Project CHEAPSKATE Part II - Setup and Testing

Ted Hamilton

Helmet Painter / Racer
-- PREFACE --

Thanks for all the views and support on the last thread. To keep it from becoming too long, and to separate things topically, I've started this thread. I'll button up the last of the build in the next day or so, but the only remaining things before running it are setup, double-checking tightness and positioning, and graphics... I am slowly learning to make it fast, THEN pretty. :) IMO, this kart is already looking fast, but testing will tell.
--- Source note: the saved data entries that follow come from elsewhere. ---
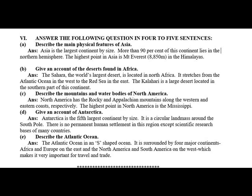Describe the Atlantic Ocean. The Atlantic Ocean is an S-shaped ocean. It is surrounded by four major continents — Africa and Europe on the east, and North America and South America on the west — which makes it very important for travel and trade.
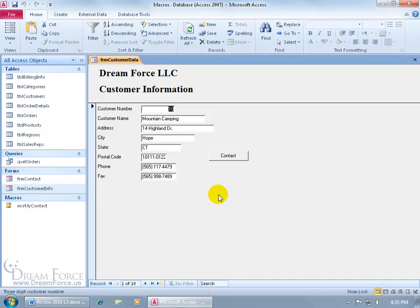The RequiredDataEntry macro is a macro that will check the data entered into a cell and execute the macro. For example, if a field is left blank, it won't allow the record to be saved until we take action and actually fill something in this field.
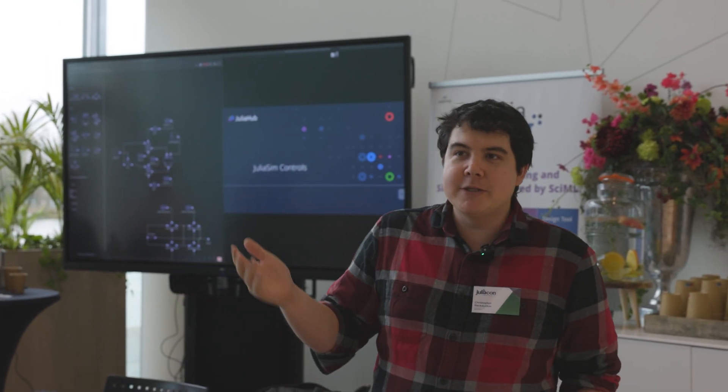I'm Chris Rakakis, VP of Modeling and Simulation at Julia Hub, and we're here today to talk to everyone about what we're doing with Julia.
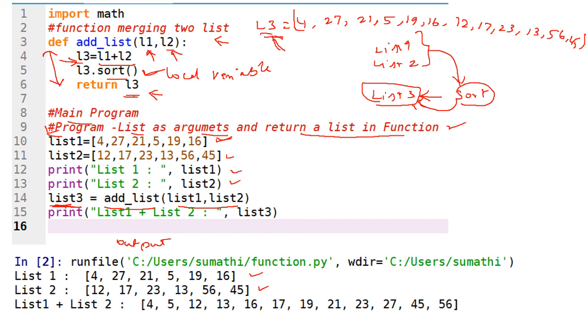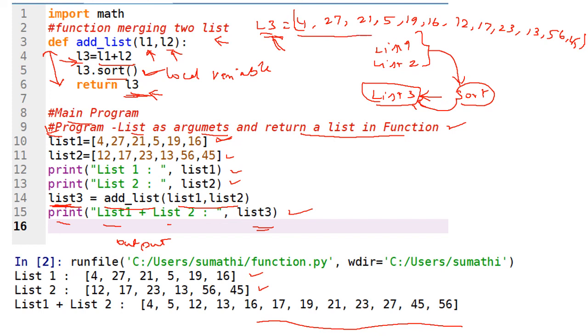List 3 equals add_list(list1, list2). The add_list function has two list parameters and the returned L3 is assigned to list 3. Then we print list 1 plus list 2 equals list 3, and we can see the sorted value of all these things. This is a very simple one — please try it yourself, then it will be very easy to understand. Thank you. In the next class I will give another topic with very simple examples. If you have any doubt, you can add it in the comment box. Thank you.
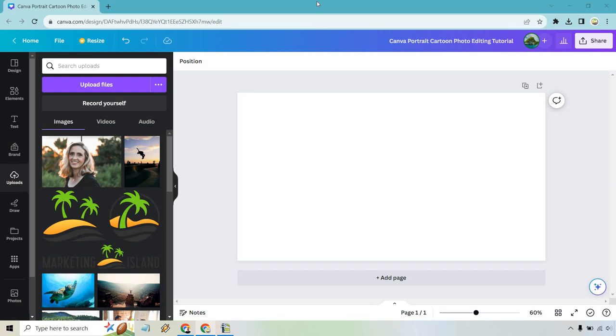Welcome to my Canva portrait cartoon photo editing tutorial. If you'd like to follow along, I will leave my link down below. You will need Canva Pro in case you want to use the background remover, which is a very helpful feature. Nevertheless, let's begin.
Stay tuned to this thread....for DAY 1, we're going to lay out 4 bathroom scales on the cement floor and use vinyl flooring tiles to make them all level. Then we're going to "zero" them by using a 5# weight and setting all the scales to read 5# on the display when the weight is placed on them. From there, we'll place the kart and driver on the scales and take a "baseline" reading. This will give us a preliminary set of figures to work from, and we'll adjust spindle and rear end heights to get our proper recommended numbers. Speaking of which, ULTRAMAX lists the setup numbers for all their karts on their website, so be sure and check it out if you're running a UMAX...http://www.ultramaxracing.com/owners0.shtml#start

From there, we'll look at stagger and tire offsets and toe-in settings, and finally, check for driver comfort and positioning issues. We may even get into customizing seat padding, etc. too... anything for the viewers! :) If there's anything specific you want more information on or a topic you'd like to see covered photographically during setup / testing, please let me know and I'll see what I can do.

STAY TUNED!!

One more beauty shot to see where we're starting from:

10612974_10100529372609889_6782364012954636159_n.jpg
 
Just a guess, but I would tests the scales with a heavier weight.
After getting the scales to what you think is level, weigh the kart, write down the weights and then turn the kart a 180 degrees and see if you get the same numbers.

You sure have done a good job on this series of posts and the kart.

From the desk of Al Nunley
Comments compliments criticisms and questions always welcome.
If the data does not support the theory, get a new theory. (Al Nunley)
 
Thanks, Al... I'll give that a try! Either 10 lbs., or I know my own weight is almost spot on at 160, so I may calibrate to that... scales are a bit like dynos -- everyone's is different and the track is too, so as long as they're the same and consistent, the raw numbers just have to be "close". At least for us Cheapskates. :)
 
If not using calibrated, or kart scales, i would calibrate with differing weights, up to including the toga; kart weight, the best you can hope for is repeatability, i would not flip the kart around, if one or more scales are off 1% at 360#'s, your looking at 3.6 #'s... if this happens at one corner or the other you can get some skewed #'s... but it's ok, like a dyno as long as you do it the same way every time..

Initial steps.. I would suggest scaling kart, getting baseline setup, do not touch or move scales, test kart, readjust, rescale to obtain #'s... take scales to track to verify repeatability, repeat first steps, as you did at home... the key to scaling is too have repeatability,

I haven't had to add weight in years, however when I did, I scaled kart, and made adjustments, with kart settings, then used flat lead sheet, hammered into seat, and then taped, and screwed in if required, this keeps the vcg, and kart balance the same., its kinda hard to separate 15 #'s or so equally to the 4 corners of the kart.. I have never had a kart whether setting up for 350#'s or 430#'s, i couldn't get the weight right by adjusting kart, rather than adding weight,.
 
Frankie -- thanks for the offer. Actually, what I have planned is to set it up and scale it "the cheap way", then do it on digital scales and see what the difference is, if any. That will give the Cheapskates some clue of how possible it is to get accurate results affordably.
 
Ted, if you would have told me I would have taken my kart scales last weekend and we could have met to scale your kart. Looking good there.
 
Thanks, Al... I'll give that a try! Either 10 lbs., or I know my own weight is almost spot on at 160, so I may calibrate to that... scales are a bit like dynos -- everyone's is different and the track is too, so as long as they're the same and consistent, the raw numbers just have to be "close". At least for us Cheapskates. :)
you're welcome. I don't think it makes any difference what you weigh, as long as each scale has the same reading when you stand on them.

From the desk of Al Nunley
Comments compliments criticisms and questions always welcome.
If the data does not support the theory, get a new theory. (Al Nunley)
 
Make sure the whole tire is on the scales with none hanging over the edge. If you don't, and one of the tires contact patch is hanging over the edge, it would simulate that corner of the kart setting lower that it actually would if it were on the ground. That would give you false numbers.